What are the lines below, starting at the line containing "Un t-shirt noir" and ending at the line containing "Close-up of a"? Write them out exactly, ends included, without pictures.

SUPPLIED ENTRIES
........
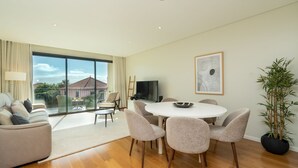 A modern living room with a large sliding glass door, a round dining table with six chairs, a flat-screen TV, and a large potted plant.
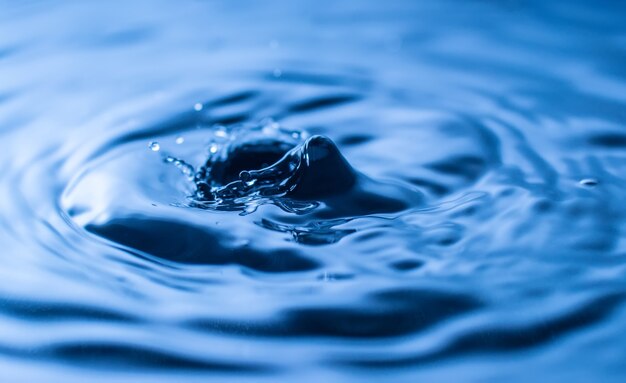 Spruzzi di gocce d'acqua in un bicchiere di colore blu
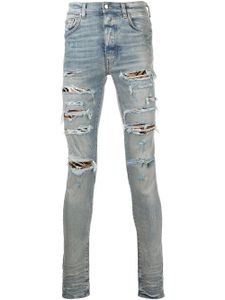 AMIRI jean MX1 skinny à effet usé - Bleu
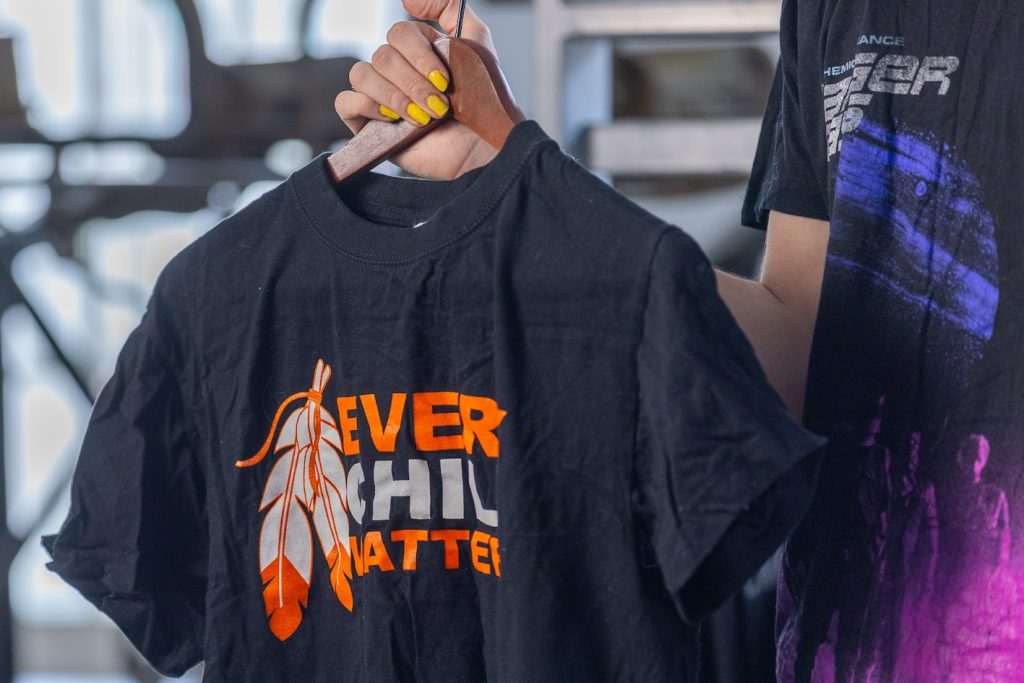 Un t-shirt noir sur un cintre en bois. Un texte orange et blanc se lit EVERY CHILD MATTERS (chaque enfant compte). À gauche du texte, il y a un motif : deux plumes, en orange et blanc.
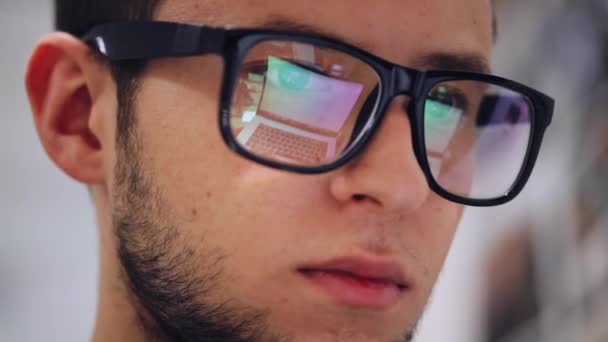 Close-up of a man working on a laptop, reflection a screen with glasses - Filmagem, Vídeo
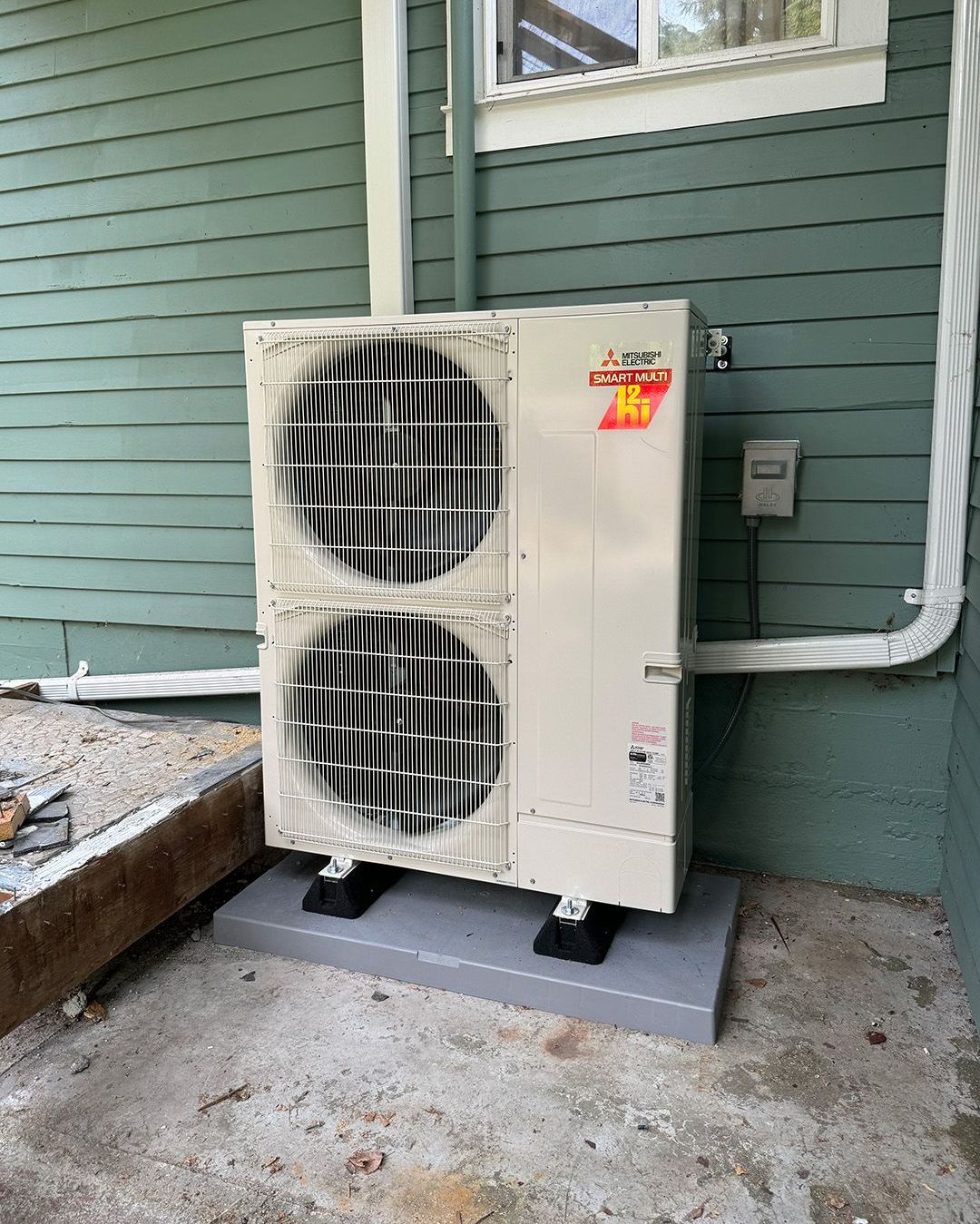 A white air conditioner is sitting on the side of a green house installed by Ready Energy Solutions.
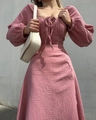 Detail of light pink square neck dress featuring smocked fabric and lantern sleeves - S / Pink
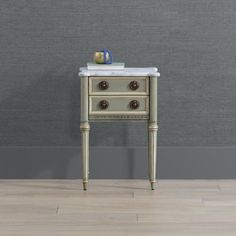 a small table with two drawers and a marble top in front of a gray wall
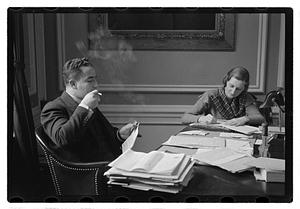 A man seated at a desk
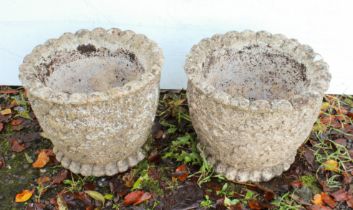 A pair of composition stone planters with crimped rims and feet (29cm. high x 36cm. in diameter)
........
ANSWER TO THIS EXERCISE
 Un t-shirt noir sur un cintre en bois. Un texte orange et blanc se lit EVERY CHILD MATTERS (chaque enfant compte). À gauche du texte, il y a un motif : deux plumes, en orange et blanc.
 Close-up of a man working on a laptop, reflection a screen with glasses - Filmagem, Vídeo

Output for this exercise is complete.